The copyright situation for this article is unclear. It does not belong to the author of this site. Please see the copyright notice. If you have information about the copyright contact me!
Location Focused Measures are a current trend of various online muds. Focused Location solutions to Player Killing limit the area(s) where Player Killing is possible by coding in the game engine to either neutralize damage done, limit who can attack or be attacked, or simply disallow PvP combat in Player vs. Player Combat ("-PvP") forbidden Locations. This allows "safe-havens" to be created, where players can adventure secure in the knowledge that their surroundings will remain only as dangerous as they have mentally marked it, safe from PK's, and always suitable for particular levels of characters to fight against Monsters.
Those who do not want to be killed by players won't be, thus allowing those who want to play in a certain style of play do so without disruptions.

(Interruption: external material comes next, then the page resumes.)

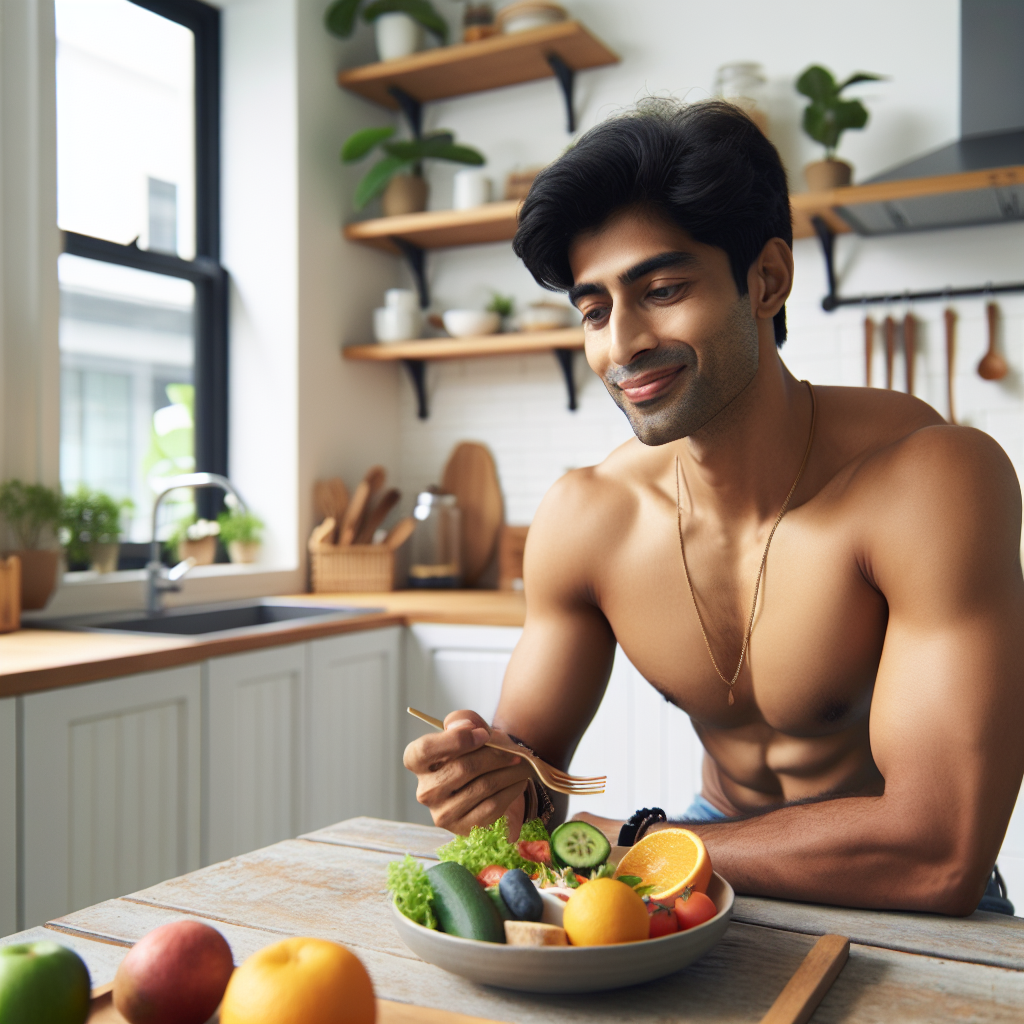 A person with a visibly flatter stomach is calmly enjoying a healthy, colorful meal at home, perhaps in a bright kitchen or living room. The scene emphasizes a relaxed, mindful lifestyle and healthy eating habits, with no gym equipment or active exercise visible. Focus on a warm, inviting atmosphere and the joy of wholesome living rather than strenuous physical activity.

This argument sounds very convincing until we ask ourselves a question. Do players really want to be killed by Monsters? No? So why not a Monster Switch? This solution, however, would prevent players from having bad experiences with Player Killers AND Monsters, yet it would not set realistic limits within a fantasy world, or provide the sense of challenge which makes accomplishment exciting. It is the Possibility of death which produces this sense of challenge. So ultimately the hype for the PK-Switch is altered, now reading as:
Those who don't want the POSSIBILTY of being killed by players won't have it, and those that do will have it, therefore allowing those who want to play in a certain style do so without disruptions.
Does the PK-Switch do this? Yes. Flawless now? No. One must consider that not all Player Killers are created equal. True some Player Killers are immature and heartless irritants, yet some are also Interactively Intelligent on a Role-Playing or at least an In-context level, and contribute greatly to the excitement and immersive quality of a game. Would any classical fantasy novel be complete without the corrupt and maniacal Super-Villain? Role Played villains have the potential to be the most interesting "opponents" in Role-Playing games, and few Role-Players would wish to completely disallow ALL combat with Real Opponents, only with the few who act out-of-context and immaturely. Therefore, the final, rendition of a Perfect PK-Switch would be the following:
Those who don't want the POSSIBILTY of being killed by some players won't have it, and those that do will have it, therefore allowing those who want to play in a certain style do so without disruptions.
If the PK-Switch fulfilled this requirement, then it would be perfect. Unfortunately, with the insertion of the "some" clause, the needs of a "perfect PK-switch" go beyond what the PK-Switch actually delivers, rendering it, although an adequate alternative, imperfect for the most enjoyable Role-Playing experience. In a Role-Playing Game, this is indeed a fault.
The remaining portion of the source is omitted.